Summary
Rising above the countryside of Wood County, Wisconsin, Powers Bluff is a large outcrop of quartzite rock that resisted the glaciers that flattened the surrounding countryside. It is an appropriate symbol for the Native people who once lived on its slopes, quietly resisting social forces that would have crushed and eroded their culture. A large band of Potawatomi, many returnees from the Kansas Prairie Band Potawatomi reservation, established the village of Tah-qua-kik or Skunk Hill in 1905 on the 300-foot-high bluff, up against the oddly shaped rocks that topped the hill and protected the community from the cold winter winds.

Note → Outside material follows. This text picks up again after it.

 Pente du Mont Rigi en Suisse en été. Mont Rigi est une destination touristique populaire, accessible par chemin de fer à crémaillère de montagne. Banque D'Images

In Skunk Hill, archeologist Robert A. Birmingham traces the largely unknown story of this community, detailing the role it played in preserving Native culture through a harsh period of US Indian policy from the 1880s to 1930s. The story’s central focus is the Drum Dance, also known as the Dream Dance or Big Drum, a pan-tribal cultural revitalization movement that swept the Upper Midwest during the Great Suppression, emphasizing Native values and rejecting the vices of the white world. Though the community disbanded by the 1930s, the site, now on the National Register of Historic Places with two dance circles still visible on the grounds, stands as testimony to the efforts of its members to resist cultural assimilation.
Author
Robert A. Birmingham served as Wisconsin State Archaeologist at the Wisconsin Historical Society and teaches at the University of Wisconsin–Waukesha. He is the author of Life, Death, and Archaeology at Fort Blue Mounds and co-author of Indian Mounds of Wisconsin and Aztalan: Mysteries of an Ancient Indian Town, which received a merit award for history from the Midwest Independent Publishers Association. He has been researching Drum Dance communities for over 30 years and has worked with descendants of Skunk Hill, the Kansas Potawatomi, and many others to document its history.